En el cual el día de hoy vivo y resido a servicio de Dios y de Vuestra Merced. Y es que tengo cargo de pregonar los vinos que en esta ciudad se venden, y en almonedas, y las cosas perdidas, y acompañar los que padecen persecuciones por justicia, y declarar a voces sus delitos: pregonero, hablando en buen romance.
Y visto por el señor arcipreste de San Salvador, mi señor, y servidor y amigo de Vuestra Merced, procuró casarme con una criada suya; y visto que de tal persona no podía venir sino bien y favor, acordé de lo hacer. Y así me casé con ella, y hasta agora no estoy arrepentido; porque, allende de ser buena hija y diligente servicial, tengo en mi señor arcipreste todo favor y ayuda.
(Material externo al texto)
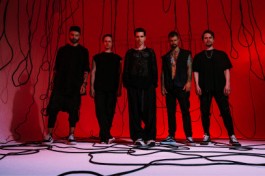 Група Тайвер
Hasta el día de hoy nunca nadie nos oyó sobre el caso; antes, cuando alguno siento que quiere decir algo de ella, le atajo y le digo: «Mirá, si sois amigo, no me digáis cosa con que me pese, que no tengo por mi amigo al que me hace pesar». De esta manera no me dicen nada, y yo tengo paz en mi casa. Esto fue el mismo año que nuestro victorioso Emperador en esta insigne ciudad de Toledo entró y tuvo en ella Cortes, y se hicieron grandes regocijos; pues en este tiempo estaba en mi prosperidad y en la cumbre de toda buena fortuna.
El final. Lázaro consigue un «oficio real» (pregonero) y se casa con la criada del arcipreste. Alcanza «la cumbre de toda buena fortuna»… pero hay un secreto incómodo: todos murmuran que su mujer es también la amante del arcipreste, y Lázaro prefiere no oír, no saber, tener paz. Aquí se cierra la ironía de toda la obra: la «honra» que tanto vale es, al final, una honra comprada con el silencio.